▶ _Aim of the task_
Go through the entries below and return every line that contains "with".

▶ _Dataset records_
+---+

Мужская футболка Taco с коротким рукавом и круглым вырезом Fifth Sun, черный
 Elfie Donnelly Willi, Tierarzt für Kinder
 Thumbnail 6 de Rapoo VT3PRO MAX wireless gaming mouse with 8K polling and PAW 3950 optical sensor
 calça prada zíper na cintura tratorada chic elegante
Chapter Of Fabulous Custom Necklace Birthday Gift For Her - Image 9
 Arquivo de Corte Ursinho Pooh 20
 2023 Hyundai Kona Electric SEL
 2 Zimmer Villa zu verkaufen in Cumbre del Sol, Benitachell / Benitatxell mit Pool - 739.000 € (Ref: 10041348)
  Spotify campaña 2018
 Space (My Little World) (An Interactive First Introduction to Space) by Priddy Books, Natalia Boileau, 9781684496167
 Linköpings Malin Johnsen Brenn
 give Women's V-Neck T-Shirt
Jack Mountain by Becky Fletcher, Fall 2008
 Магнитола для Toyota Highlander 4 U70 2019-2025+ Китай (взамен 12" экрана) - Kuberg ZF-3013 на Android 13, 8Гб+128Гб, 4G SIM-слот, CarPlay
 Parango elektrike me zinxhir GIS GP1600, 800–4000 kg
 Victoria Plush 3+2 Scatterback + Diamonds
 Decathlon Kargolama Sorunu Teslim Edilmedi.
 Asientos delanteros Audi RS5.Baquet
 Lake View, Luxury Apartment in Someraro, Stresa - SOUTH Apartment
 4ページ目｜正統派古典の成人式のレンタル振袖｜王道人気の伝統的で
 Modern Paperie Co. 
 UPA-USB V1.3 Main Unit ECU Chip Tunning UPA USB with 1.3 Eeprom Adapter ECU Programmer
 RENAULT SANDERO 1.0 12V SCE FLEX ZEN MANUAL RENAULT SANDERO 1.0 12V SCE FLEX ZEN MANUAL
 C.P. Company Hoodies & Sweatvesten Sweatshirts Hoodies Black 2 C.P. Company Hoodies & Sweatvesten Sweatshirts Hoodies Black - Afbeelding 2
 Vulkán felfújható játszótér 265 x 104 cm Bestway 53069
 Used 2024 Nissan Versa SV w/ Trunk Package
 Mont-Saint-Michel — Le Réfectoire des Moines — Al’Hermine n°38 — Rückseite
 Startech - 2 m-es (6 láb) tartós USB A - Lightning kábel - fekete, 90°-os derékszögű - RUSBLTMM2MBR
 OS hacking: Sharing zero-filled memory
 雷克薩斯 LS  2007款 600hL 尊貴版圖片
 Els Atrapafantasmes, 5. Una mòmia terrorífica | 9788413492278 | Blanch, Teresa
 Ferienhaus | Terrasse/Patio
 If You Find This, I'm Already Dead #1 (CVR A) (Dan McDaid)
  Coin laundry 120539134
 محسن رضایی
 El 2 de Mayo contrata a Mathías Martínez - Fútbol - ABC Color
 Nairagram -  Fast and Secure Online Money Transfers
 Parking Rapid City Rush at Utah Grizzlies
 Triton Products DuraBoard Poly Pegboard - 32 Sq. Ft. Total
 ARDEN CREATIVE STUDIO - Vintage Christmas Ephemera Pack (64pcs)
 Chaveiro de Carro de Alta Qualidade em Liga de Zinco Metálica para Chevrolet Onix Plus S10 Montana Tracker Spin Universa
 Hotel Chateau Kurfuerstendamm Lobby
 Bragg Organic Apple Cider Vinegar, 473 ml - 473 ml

+---+

▶ _Response to this exercise_
 Thumbnail 6 de Rapoo VT3PRO MAX wireless gaming mouse with 8K polling and PAW 3950 optical sensor
 UPA-USB V1.3 Main Unit ECU Chip Tunning UPA USB with 1.3 Eeprom Adapter ECU Programmer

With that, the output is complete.